Spanish banks are continuing with their credit contraction policy. September figures that were published by the major lenders indicated that loans granted to families and small businesses have already dropped more than 6%. Predictions for next year don't look too pretty either, considering that the current trend is expected to continue and loan issues will drop another 5% in 2012.
Not all lenders are decreasing the volume of private-sector loans. Looking at August figures, we see that Banesto has not lost market share despite having seen 8% drops in this kind of business. And Bankia dropped 6.2% as well.

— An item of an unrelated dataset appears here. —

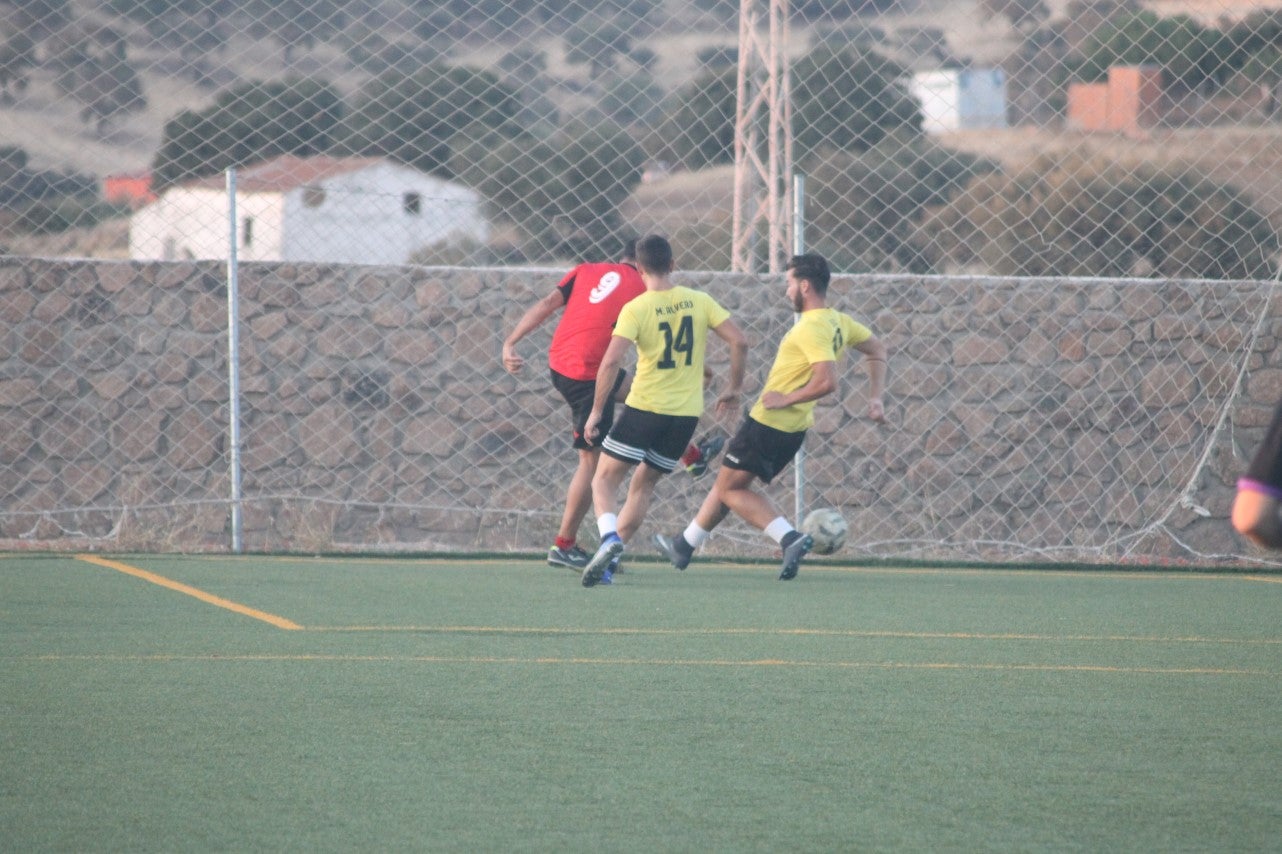 Algunas imágenes de la final y el tercer y cuarto puesto del torneo de verano de fútbol 7 disputado en Valverde de Leganés (01-08-2019)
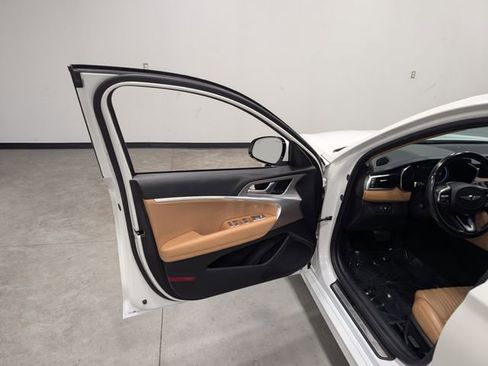 Used 2022 Genesis G70 3.3T image 13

Added to these figures are the strong decline in credit investment in Santander's network. In the first nine months of the year the lender contracted more than 7%, including at once loans granted to the private sector and government. Lines of credit granted to the Public Administration. Because these show an estimated 7.5% increase in the volume of loans granted to families and companies. Lendars are blaming the decrease in financing to pandemic risk in the global economy, general lags in investing activity and increasing solvency requirements.
Reducing Risky Business
Still, experts are pointing out that financial entities' need to reduce their risk in order to increase solvency and avoid a greater increase of payment defaults is one of the main causes of the current credit crunch. This need is increasingly urgent for the near term owed to the capital requirements spelled out by the EU. Some of the affected lenders, such as Popular, have already taken heed.